Bank of England Skepticism Of Stablecoins
In an interview with British media house The Times, the Governor of The Bank of England issued a warning to the world's leading banks against launching their own stablecoins, arguing that such crypto assets threaten global financial stability and undermine the traditional nature of money.
In a recent interview with The Times, Bailey pointed to tokenised deposits-the digital versions of conventional bank deposits—as a preferable option for modernizing payments, rather than private sector stablecoins or even central bank digital currencies (CBDCs).
Bailey emphasized the importance of digitizing traditional money within the regulated banking system, stating
“I would much rather go down the tokenised deposit streets and say, how do we digitise our money, particularly in payments.”

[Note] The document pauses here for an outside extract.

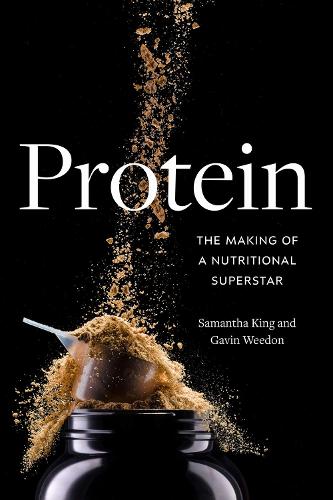 Protein: The Making of a Nutritional Superstar.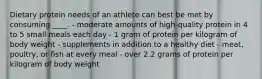 Dietary protein needs of an athlete can best be met by consuming ____. - moderate amounts of high-quality protein in 4 to 5 small meals each day - 1 gram of protein per kilogram of body weight - supplements in addition to a healthy diet - meat, poultry, or fish at every meal - over 2.2 grams of protein per kilogram of body weight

Highlighting distinctions in global policy, Bailey noted that the United States is leaning towards stablecoins, while the European Central Bank is prioritizing CBDCs.
“Neither of them is going towards tokenising deposits.”
Bailey stressed his belief that tokenised commercial bank deposits could offer a more secure and efficient payments framework without introducing the risks posed by privately issued digital currencies.
Bitcoin Isn't Real Money
Bailey, who also chairs the Financial Stability Board, reiterated his skepticism toward cryptocurrencies like Bitcoin.
He expressed a stern warning to potential investors, saying
“It’s not money, it doesn’t have the function of money."
The BOE governor also emphasised that investors who choose to buy Bitcoin should do so with caution and know the full risk associated with Bitcoin before jumping into a investment.
This statement comes as Bitcoin broke its all-time high of $120 on July 14 reaching a new all time high of $123,191.
He has previously described non-stable cryptocurrencies as “pure investment risk,” urging caution to those considering such digital assets.
England Diverging From The Ways Of U.S and The EU
Bailey’s comments were made in the lead-up to significant legislative activity in the US, where Congress is preparing to debate crypto policy as part of what has been called “Crypto Week.”
Lawmakers will consider the GENIUS Act, which aims to make it easier for companies and banks to issue stablecoins, and may also discuss bills covering broader market regulation and the potential prohibition of a Federal Reserve CBDC.
While open to the idea of digital assets for payments, Bailey signaled support for strict regulatory standards on stablecoins
“I think we will have to set a high bar for stablecoins because the expectations are that people using things for payments, are appropriately set like money.”
Bailey’s stance highlights the ongoing debate among global regulators about the safest and most effective ways to modernize money.
His advocacy for tokenised deposits positions the Bank of England as a cautious, but innovative, player in the evolving world of digital finance—focusing on preserving monetary stability while ensuring payments innovation remains grounded in the traditional financial system.